If you’re like me and I know I am, meaning you liked cartoons and had Nickelodeon playing in your house between the years 1982 and 1992, then you probably saw Danger Mouse.
Of course, if you were a fan, you might have liked to have been told that Netflix is reviving it as well on this side of the Atlantic with British comedian curmudgeon Stephen Fry as Colonel K. But, apparently, I’m the only regular writing for this blog that saw fit to say anything since other folks liked to pretend Inspector Gadget and Duck Tales are the only cartoons returning these days. But I’m not bitter or anything…

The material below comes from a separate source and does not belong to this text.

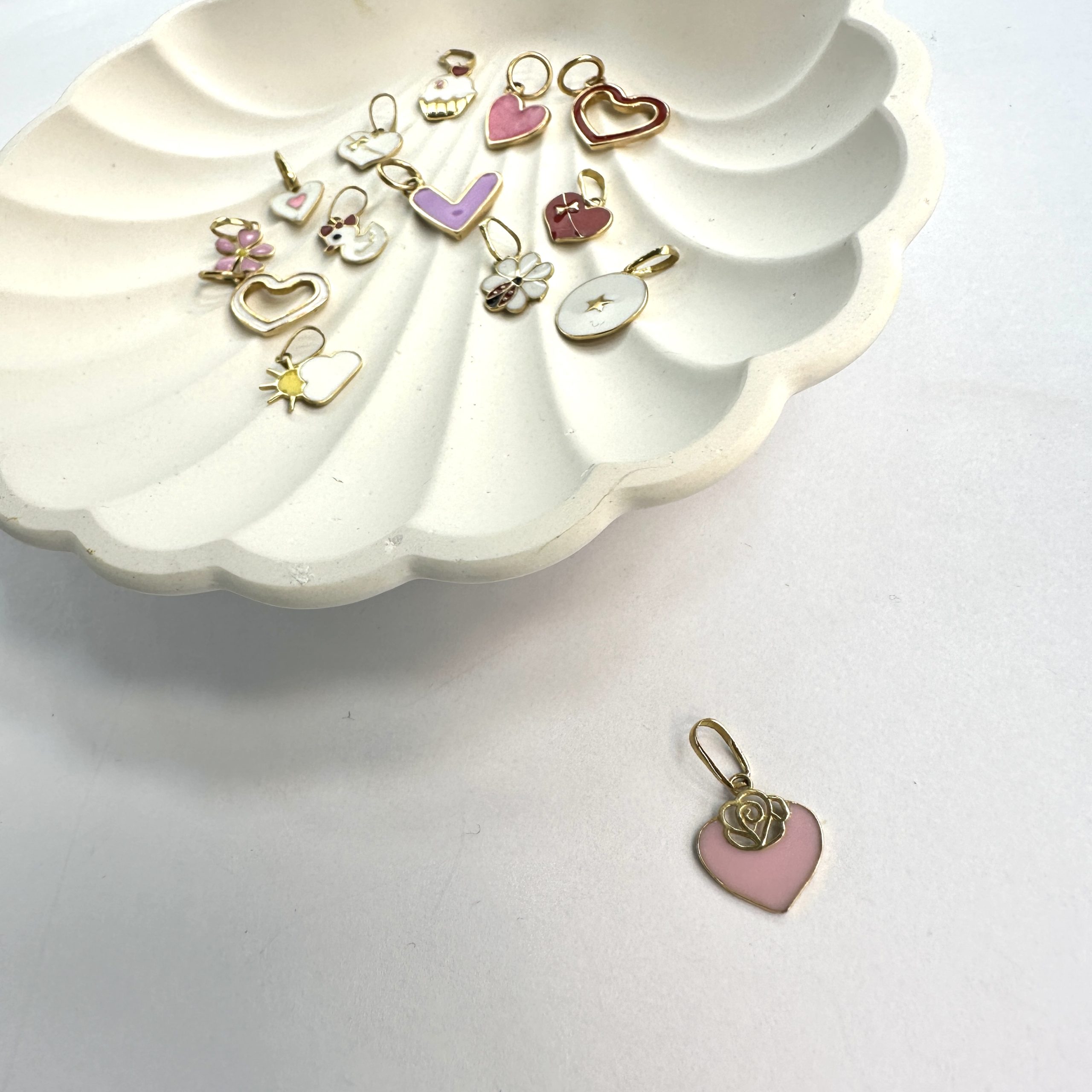 893765A1-0759-4B0E-8850-D300F00E91E9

Danger Mouse was a British animated series about a white mouse who was the world’s greatest secret agent. He lived in a London post box with his shorter, clumsy, cowardly hamster sidekick Penfold.
Generally, the two would get a call from their superior Colonel K, species more or less unknown, and then they’d rocket off in their car, which could fly by popping some wings.

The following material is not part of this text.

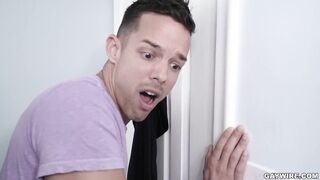 GAYWIRE - Devin Trez The Beefy Plumber Lays His Yam-sized Dick Inwards Nic Saharas Cock-squeezing Booty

While Danger Mouse had more than few enemies, his most frequent was a villainous frog named Baron Silas Greenback. And in true supervillain fashion, he has a white furry pet. But unlike Blofeld, a cat would have been impractical. He had a caterpillar.
Yes, I know that was Goldfinger, not Blofeld.
One of Danger Mouse’s other frequent adversaries was actually good enough to get his own spin-off.
As cartoons go, to be honest, the animation wasn’t always stellar. Many times the same sequences would be seen again and again. The show would make up for this with clever wordplay and serialized episodes. That actually made the DVDs rather iffy, since seeing the plot get recapped every three to five minutes in a single twenty-two minute episode got kinda old after a while. Frequent commercial breaks actually helped this show. But a narrator, puns, and long form stories combined with bad animation certainly worked out well for The Adventures of Rocky and Bullwinkle, so really Danger Mouse was just the dry British equivalent.
But with all the hubbub over an inept cyborg cop and some wealthy waterfowl, let us not overlook the world’s greatest–and tiniest–secret agent.